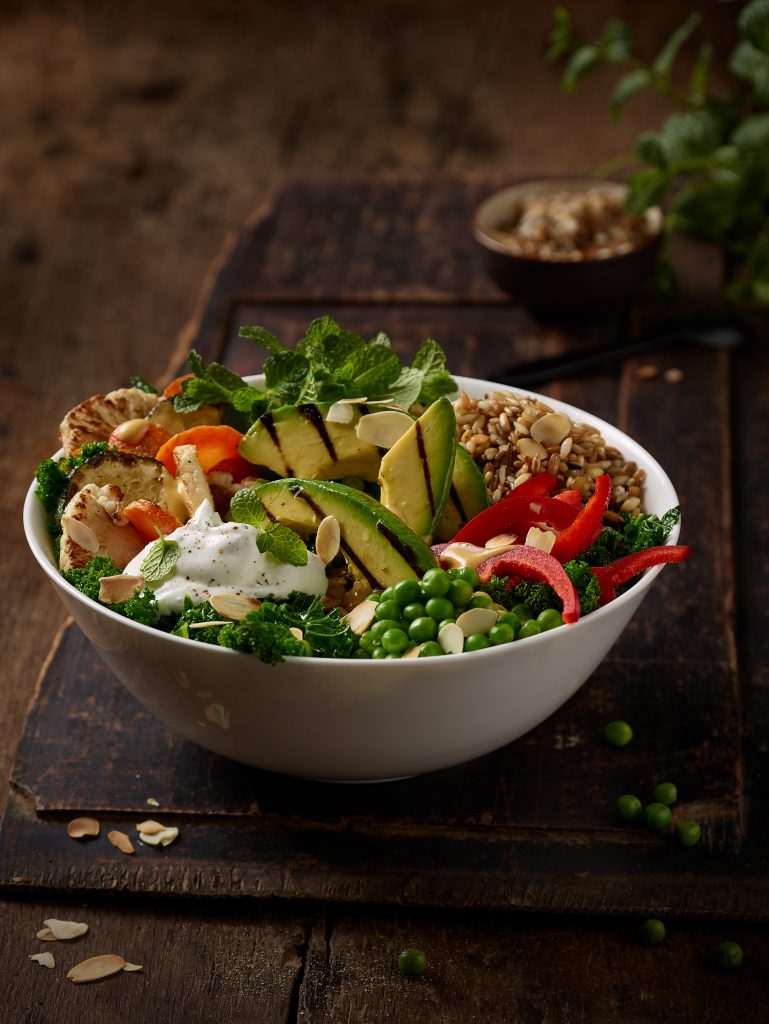 freshly prepared Grilled Avocado Curry Bowl in wooden seting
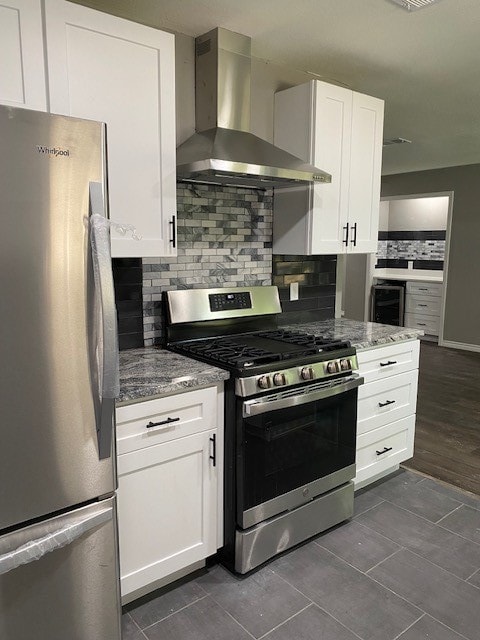 kitchen featuring stainless steel appliances, tasteful backsplash, stone countertops, white cabinets, and wall chimney range hood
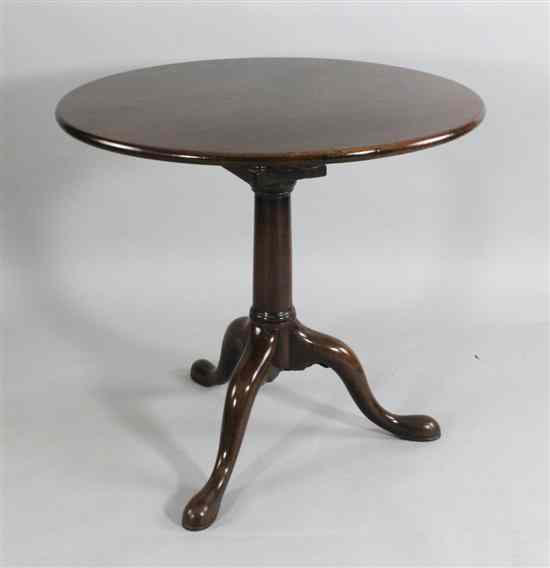 Appraisal: A George III mahogany circular occasional table with solid top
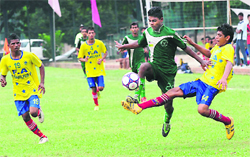 Players in action at the Administrator's Football Cup at Sector 42, Chandigarh, on Tuesday. Tribune photo: Parvesh Chauhan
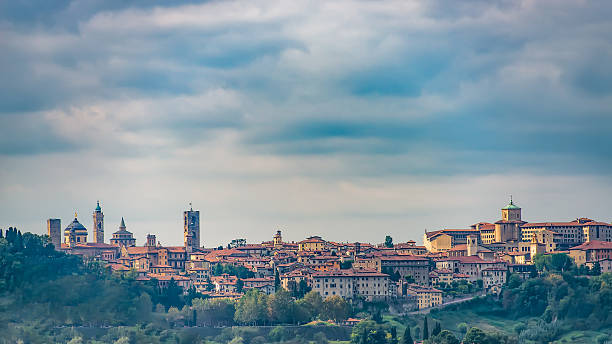 View of Bergamo Alta View of Bergamo Alta town with walls bergamo stock pictures, royalty-free photos & images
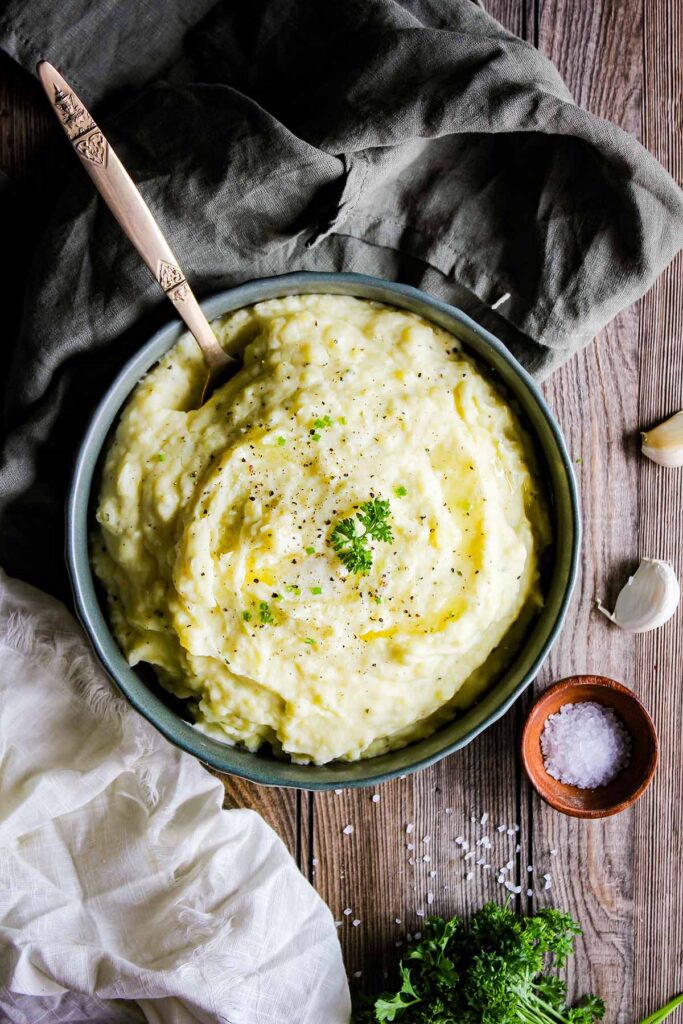 Boursin cheese mashed potatoes in a bowl surrounded by two dish towels, garlic cloves, parsley, and a bowl of salt.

----

▶ **WHAT YOU WILL DO**:
The whole listing above must be duplicated word for word, apart from its pictures.

▶ **EXERCISE ANSWER**:
 freshly prepared Grilled Avocado Curry Bowl in wooden seting
 kitchen featuring stainless steel appliances, tasteful backsplash, stone countertops, white cabinets, and wall chimney range hood
 Appraisal: A George III mahogany circular occasional table with solid top
 Players in action at the Administrator's Football Cup at Sector 42, Chandigarh, on Tuesday. Tribune photo: Parvesh Chauhan
 View of Bergamo Alta View of Bergamo Alta town with walls bergamo stock pictures, royalty-free photos & images
 Boursin cheese mashed potatoes in a bowl surrounded by two dish towels, garlic cloves, parsley, and a bowl of salt.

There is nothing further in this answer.